__Records for this exercise__:
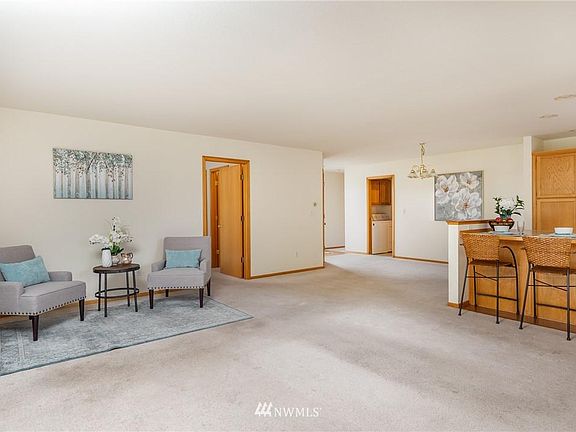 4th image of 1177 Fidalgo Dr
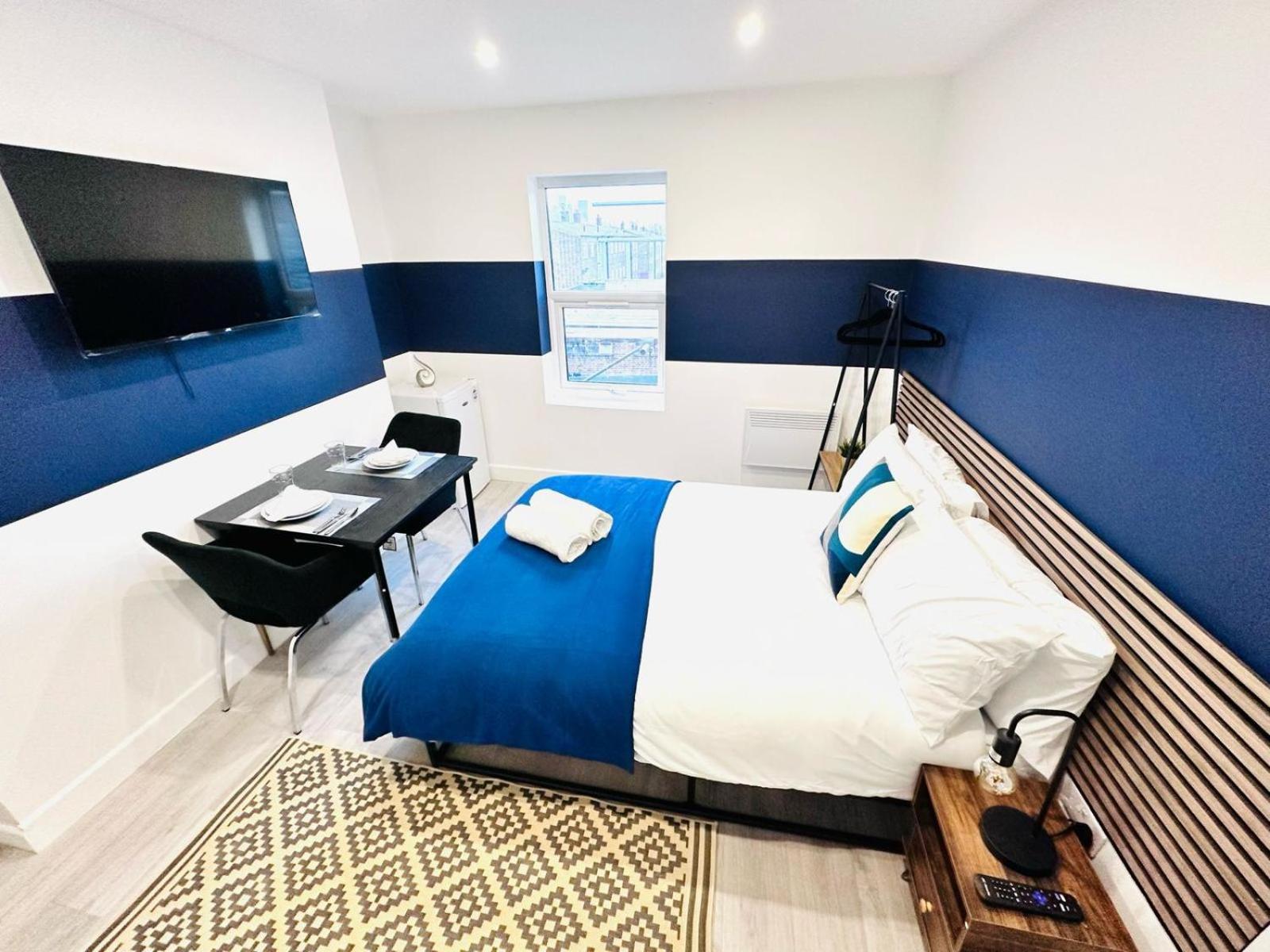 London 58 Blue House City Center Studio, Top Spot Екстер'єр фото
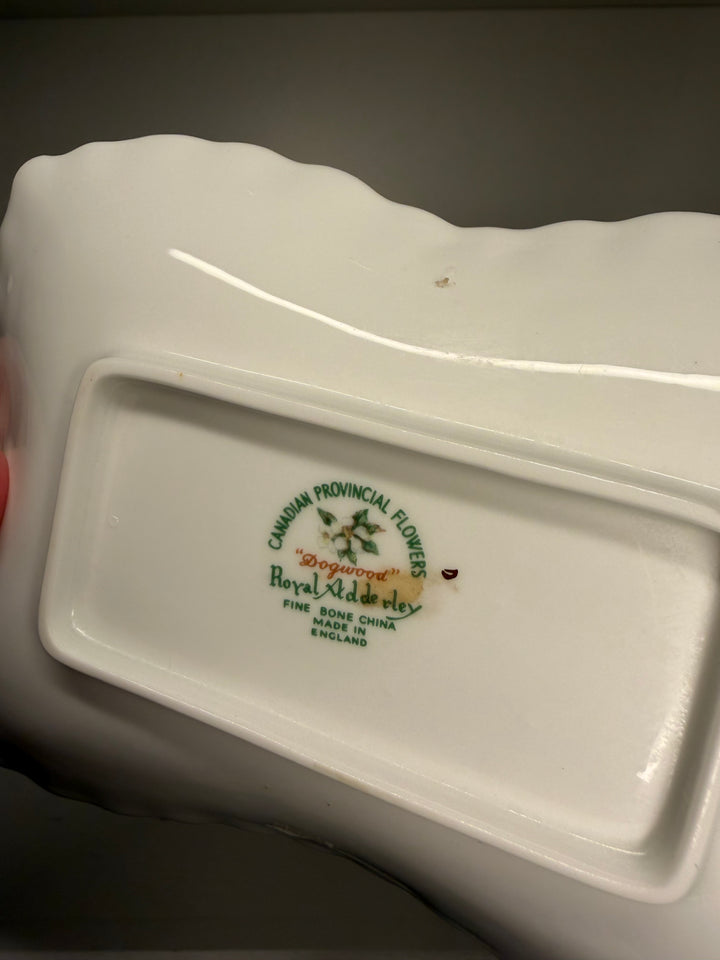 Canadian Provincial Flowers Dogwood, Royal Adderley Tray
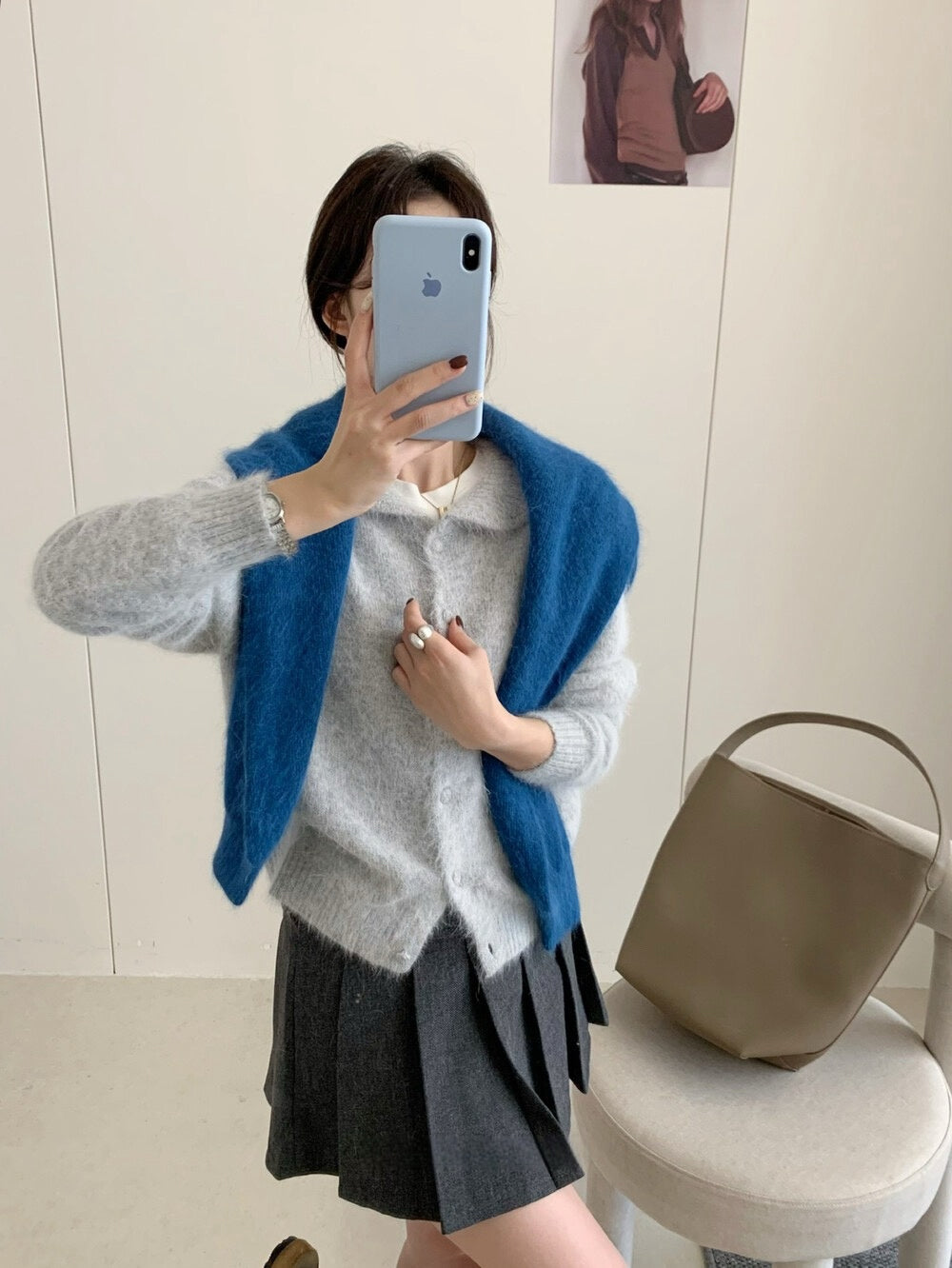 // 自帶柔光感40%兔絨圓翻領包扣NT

* * *

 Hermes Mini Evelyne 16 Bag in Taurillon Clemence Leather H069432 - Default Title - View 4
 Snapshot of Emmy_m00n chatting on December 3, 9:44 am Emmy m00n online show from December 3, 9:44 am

* * *

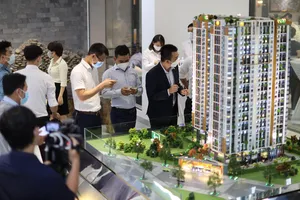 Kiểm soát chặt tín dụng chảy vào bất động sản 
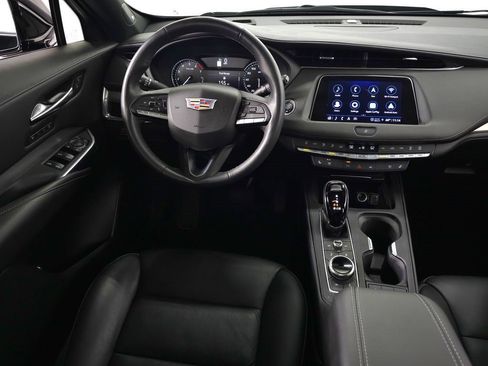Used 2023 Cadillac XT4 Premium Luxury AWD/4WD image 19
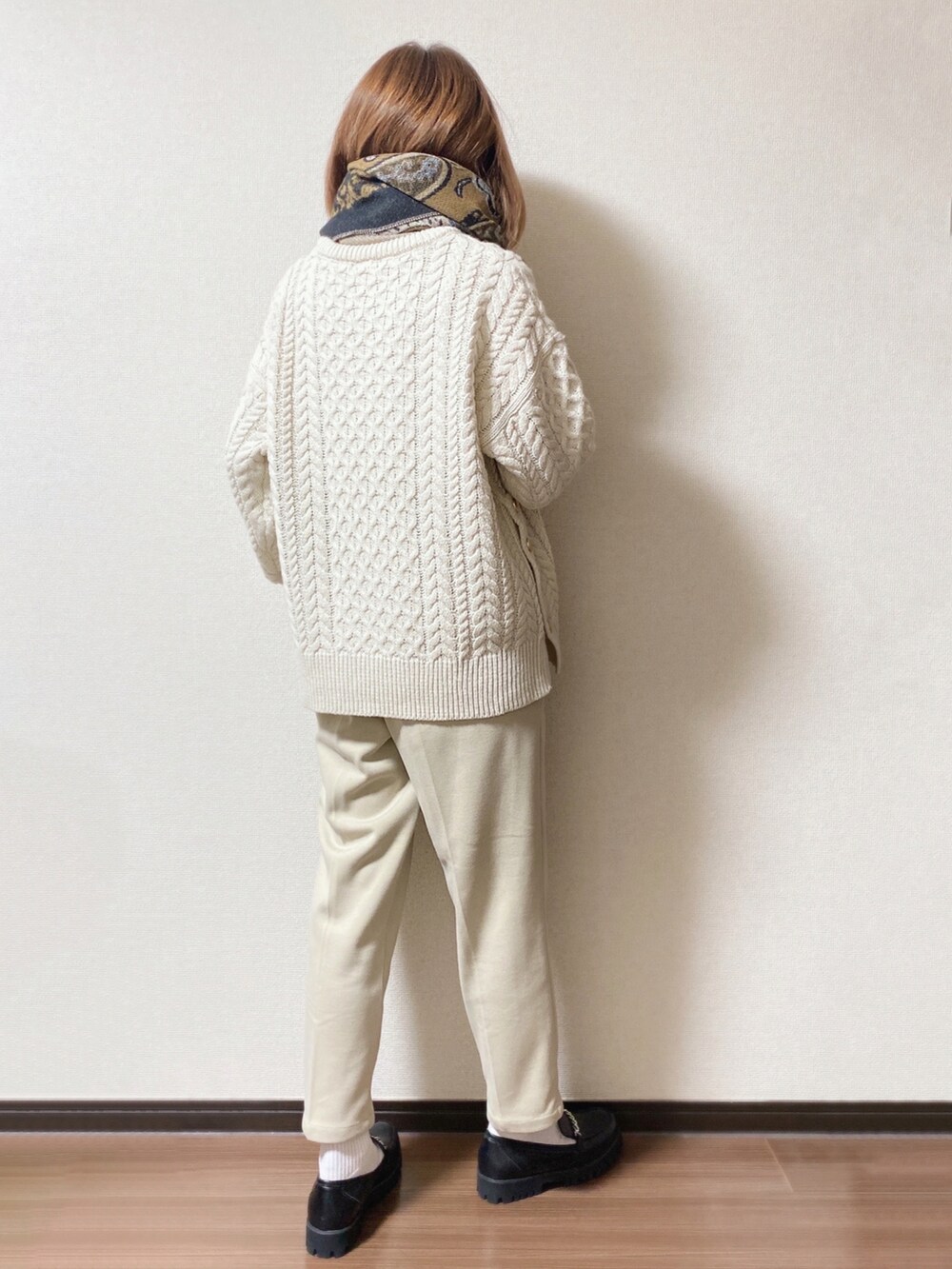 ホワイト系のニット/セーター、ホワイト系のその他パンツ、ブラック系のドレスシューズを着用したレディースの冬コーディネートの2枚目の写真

__What you will do__:
Could you transcribe exactly the entries above, but only the lines from the one with "Used 2023 Cadillac" through the one with "ホワイト系のニット/セーター", and without pictures?

__Output of the exercise__:
Used 2023 Cadillac XT4 Premium Luxury AWD/4WD image 19
 ホワイト系のニット/セーター、ホワイト系のその他パンツ、ブラック系のドレスシューズを着用したレディースの冬コーディネートの2枚目の写真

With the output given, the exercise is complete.